Javid then devoted a whole section of his speech to his fellow Muslims in Britain:
"After any [terrorist] attack, a lot of well-meaning people will line up to say it has nothing to do with Islam. That the perpetrators are not true Muslims. I understand this reaction. I know they are not true Muslims. But there's no avoiding the fact that these people they self-identify as Muslims.
"Let me be very clear. Muslims are in no way responsible for the acts of a tiny minority who twist their faith. And I know that there is no such thing as a single, homogenous Muslim community. Muslims live and thrive in all walks of British life and society.
"Globally, Muslims are by far the biggest victims of Islamist terrorism. And Muslims are fighting and dying on the frontline of the battle against terrorism every day.
"It would be absurd to say that the actions of a tiny handful in any way represent a peaceful, wonderful religion shared by a billion people worldwide.
"That's exactly why, although we all share the responsibility for tackling terrorism, there's a unique role for Muslims to play in countering this threat.

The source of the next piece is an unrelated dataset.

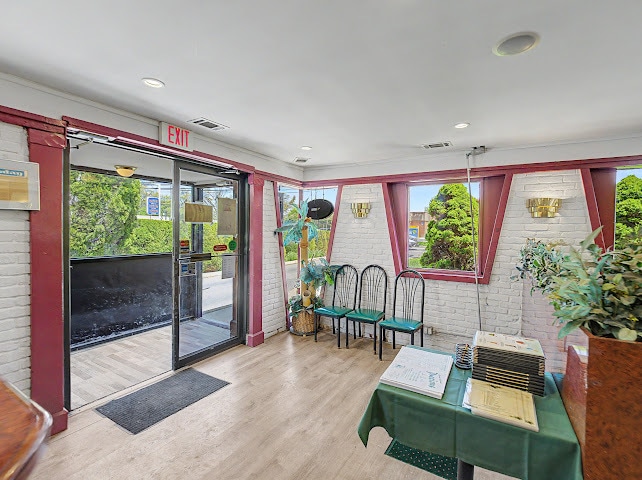More Photos Of 504 Larkfield Rd, East Northport Restaurant For Lease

"British Muslims up and down the country are leading the fight against Islamist extremists by throwing them out of their mosques and by countering poison online and on the streets. It is incredibly powerful when a young Muslim man turns their back on the preachers of hate, and say: 'Your bigotry and bloodlust have no place in the modern world.'
"I want to say to all those who stand up against all forms of extremism that this government stands with you..."
Sajid Javid, Britain's Home Secretary. (Photo by Chris J Ratcliffe/Getty Images)
The trouble with Javid's tribute to those Muslims who "stand up against all forms of extremism" is that bigotry and bloodlust are not merely figments of Islamist extremists' minds that lead to their violent conduct. They stem from an authentic interpretation of Quranic verses and hadiths, which -- according to Londonistan author Melanie Phillips -- "although millions of Muslims don't subscribe to it, currently dominates the Islamic world." Sadly, worldwide, Muslims, too, are often victims of Muslim violence.
For deradicalization programs -- and counter-terrorism initiatives -- to work, they must first defy political correctness, tackle the root causes of Islamist extremism and address all related sensitive issues, including those which appear in Islamic texts. British Muslims should not only participate in this endeavor, but be on the front lines, monitoring early signs of radicalization and ceasing to show sympathy for or to rationalize violence.
A. Z. Mohamed is a Muslim born and raised in the Middle East.